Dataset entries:
_ _ _ _ _
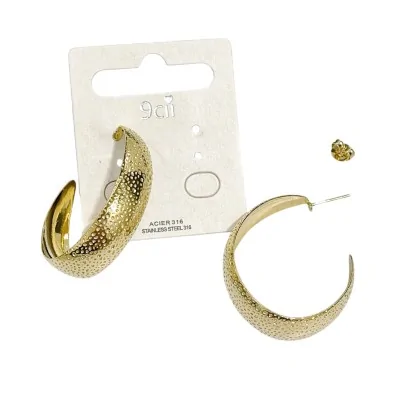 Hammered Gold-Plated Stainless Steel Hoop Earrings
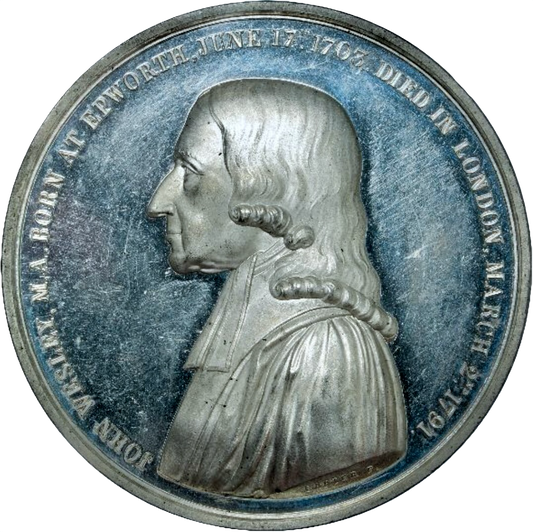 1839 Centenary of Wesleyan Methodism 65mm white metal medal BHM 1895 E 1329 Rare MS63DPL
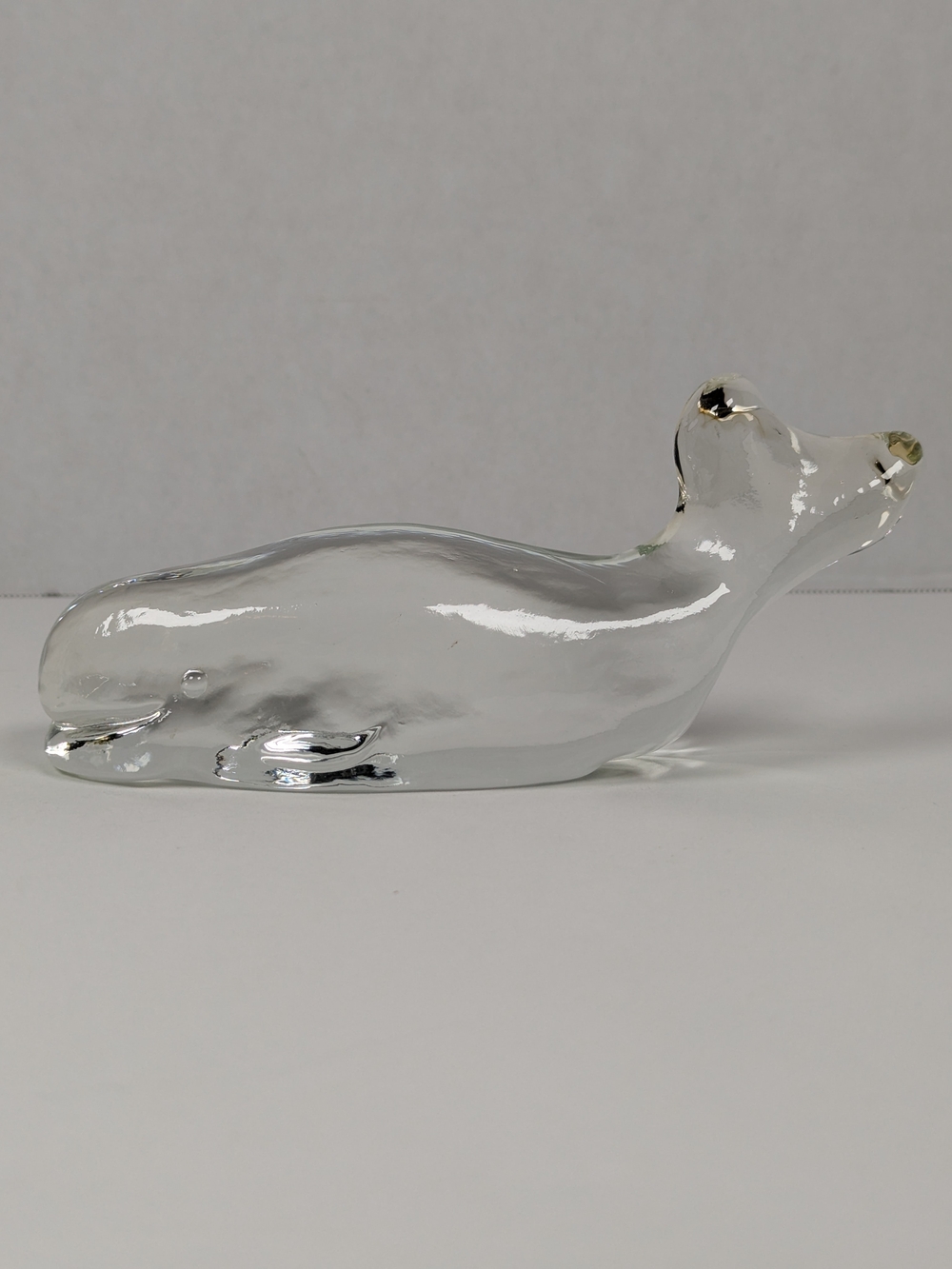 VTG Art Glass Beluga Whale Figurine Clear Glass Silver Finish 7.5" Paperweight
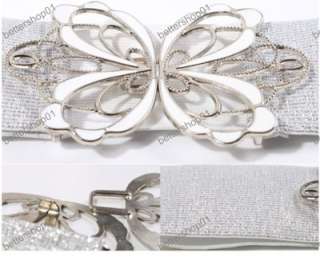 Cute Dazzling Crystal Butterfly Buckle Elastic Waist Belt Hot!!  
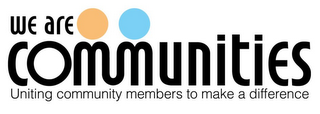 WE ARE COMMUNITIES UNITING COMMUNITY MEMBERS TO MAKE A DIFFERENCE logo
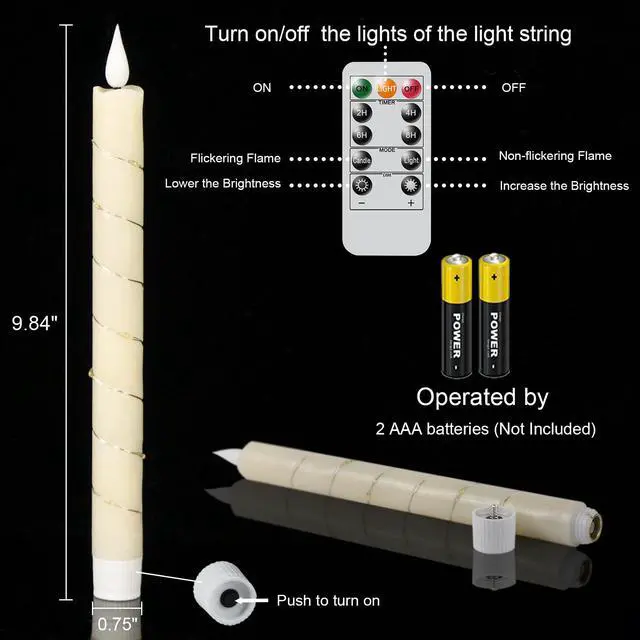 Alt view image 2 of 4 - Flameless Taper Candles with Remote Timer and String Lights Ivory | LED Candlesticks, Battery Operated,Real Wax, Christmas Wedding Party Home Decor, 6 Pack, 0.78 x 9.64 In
_ _ _ _ _
* [Work task]
Print nothing except the lines above from the one containing "Cute Dazzling Crystal" down to the one containing "WE ARE COMMUNITIES", both included, exactly as written and free of pictures.

* [Task response]
 Cute Dazzling Crystal Butterfly Buckle Elastic Waist Belt Hot!!  
 WE ARE COMMUNITIES UNITING COMMUNITY MEMBERS TO MAKE A DIFFERENCE logo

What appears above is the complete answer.